Complete step by step answer:
In this type of problems, expression is given that \[\cos \left( {{\tan }^{-1}}\left( \dfrac{1}{3} \right)+{{\tan }^{-1}}\left( \dfrac{1}{2} \right) \right)---(1)\]
We have to find the value of this above equation for that we need to use the trigonometry formula that is \[{{\tan }^{-1}}\left( A \right)+{{\tan }^{-1}}\left( B \right)={{\tan }^{-1}}\left( \dfrac{A+B}{1-AB} \right)\]
Here, in this problem A and B is given in the equation (1) that is \[A=\dfrac{1}{3}\]and\[B=\dfrac{1}{2}\]substitute this value in above formula we get:
\[{{\tan }^{-1}}\left( \dfrac{1}{3} \right)+{{\tan }^{-1}}\left( \dfrac{1}{2} \right)={{\tan }^{-1}}\left( \dfrac{\dfrac{1}{3}+\dfrac{1}{2}}{1-\left( \dfrac{1}{3} \right)\left( \dfrac{1}{2} \right)} \right)\]
Now we have to simplify the above equation by taking LCM we get:
\[{{\tan }^{-1}}\left( \dfrac{1}{3} \right)+{{\tan }^{-1}}\left( \dfrac{1}{2} \right)={{\tan }^{-1}}\left( \dfrac{\dfrac{5}{6}}{1-\left( \dfrac{1}{6} \right)} \right)\]
Multiply the above the equation by 6 on numerator as well as denominator
\[{{\tan }^{-1}}\left( \dfrac{1}{3} \right)+{{\tan }^{-1}}\left( \dfrac{1}{2} \right)={{\tan }^{-1}}\left( \dfrac{\dfrac{5}{6}\times 6}{6\times \left[ 1-\left( \dfrac{1}{6} \right) \right]} \right)\]

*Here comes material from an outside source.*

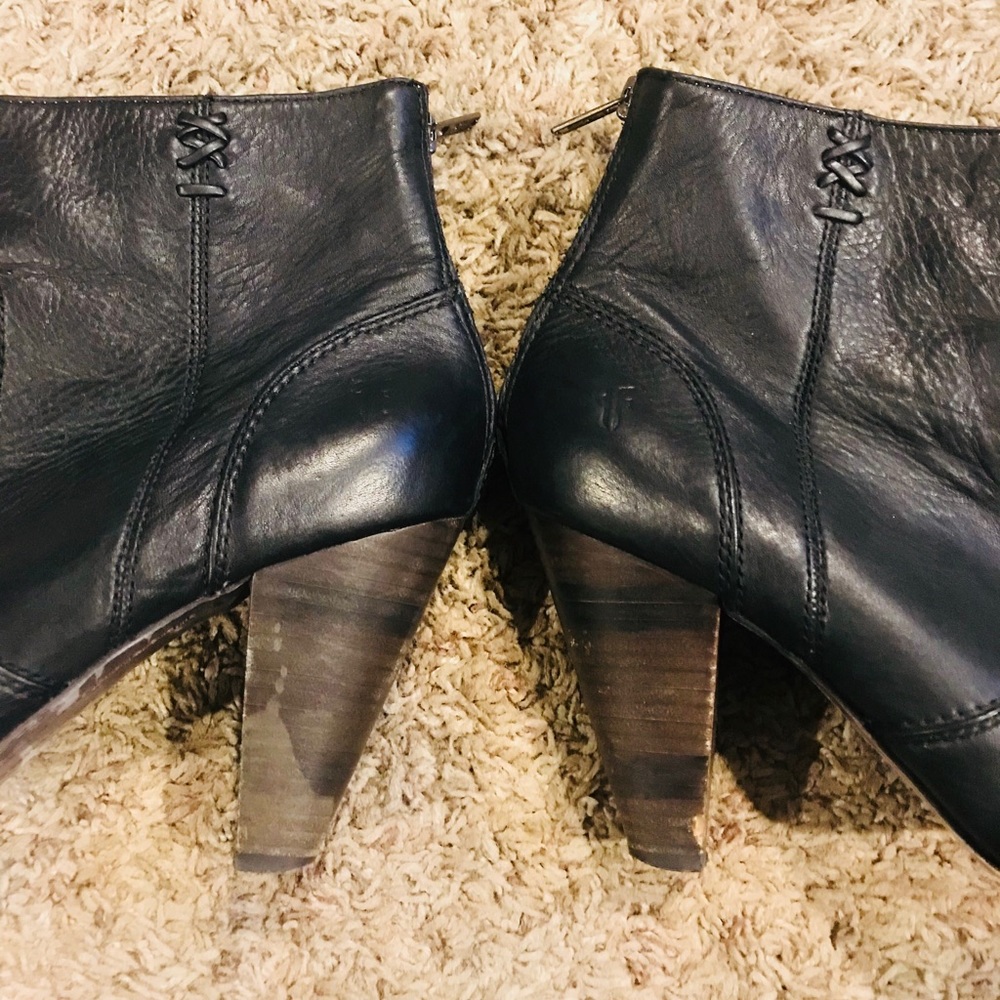 Frye Regina Heeled Booties Black Soft Leather - Picture 6 of 7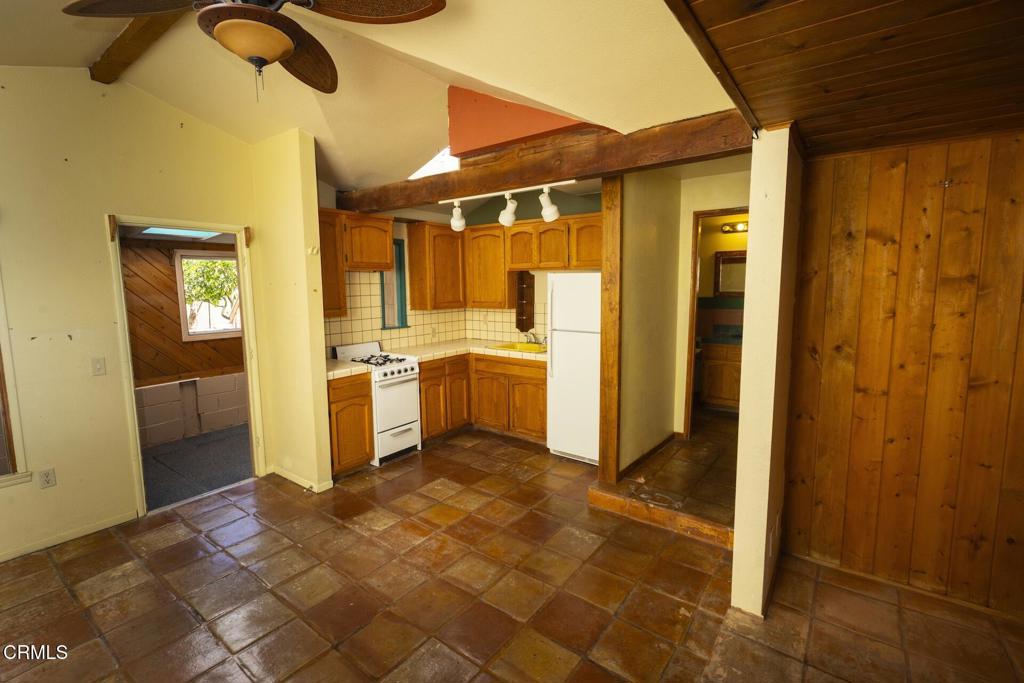 Oxnard, California, 93035, United States, 2 Bedrooms Bedrooms, ,1 BathroomBathrooms,Residential,For Sale,2048022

By further simplification and further solving this we get:
\[{{\tan }^{-1}}\left( \dfrac{1}{3} \right)+{{\tan }^{-1}}\left( \dfrac{1}{2} \right)={{\tan }^{-1}}\left( \dfrac{5}{6-1} \right)\]
By further solving this above equation we get:
\[{{\tan }^{-1}}\left( \dfrac{1}{3} \right)+{{\tan }^{-1}}\left( \dfrac{1}{2} \right)={{\tan }^{-1}}\left( \dfrac{5}{5} \right)\]
If you observe this above equation then you can see that 5 get cancelled that means it remains 1 that is \[{{\tan }^{-1}}\left( 1 \right)=\dfrac{\pi }{4}\]
\[{{\tan }^{-1}}\left( \dfrac{1}{3} \right)+{{\tan }^{-1}}\left( \dfrac{1}{2} \right)={{\tan }^{-1}}\left( 1 \right)\]
As we know that \[{{\tan }^{-1}}\left( 1 \right)=\dfrac{\pi }{4}\]substitute this value in above equation we get:
\[{{\tan }^{-1}}\left( \dfrac{1}{3} \right)+{{\tan }^{-1}}\left( \dfrac{1}{2} \right)=\dfrac{\pi }{4}---(2)\]
As we get the equation (2)
Now, we have to substitute the value of equation (2) on equation (1) we get:
\[\cos \left( {{\tan }^{-1}}\left( \dfrac{1}{3} \right)+{{\tan }^{-1}}\left( \dfrac{1}{2} \right) \right)=\cos \left( \dfrac{\pi }{4} \right)\]
As we already know that\[\cos \left( \dfrac{\pi }{4} \right)=\dfrac{1}{\sqrt{2}}\]and substitute this value in above equation we get:
\[\cos \left( {{\tan }^{-1}}\left( \dfrac{1}{3} \right)+{{\tan }^{-1}}\left( \dfrac{1}{2} \right) \right)=\dfrac{1}{\sqrt{2}}\]
Therefore, the correct option is option (A).

Note:
In this problem we have to keep in mind which formula is to be used for particular problems. So, read the question carefully about what is given and what we have to find based on that we have to use the formula. In this case we have to use the trigonometry property. Remember all the trigonometric values such as \[\tan \left( \dfrac{\pi }{4} \right)=1\].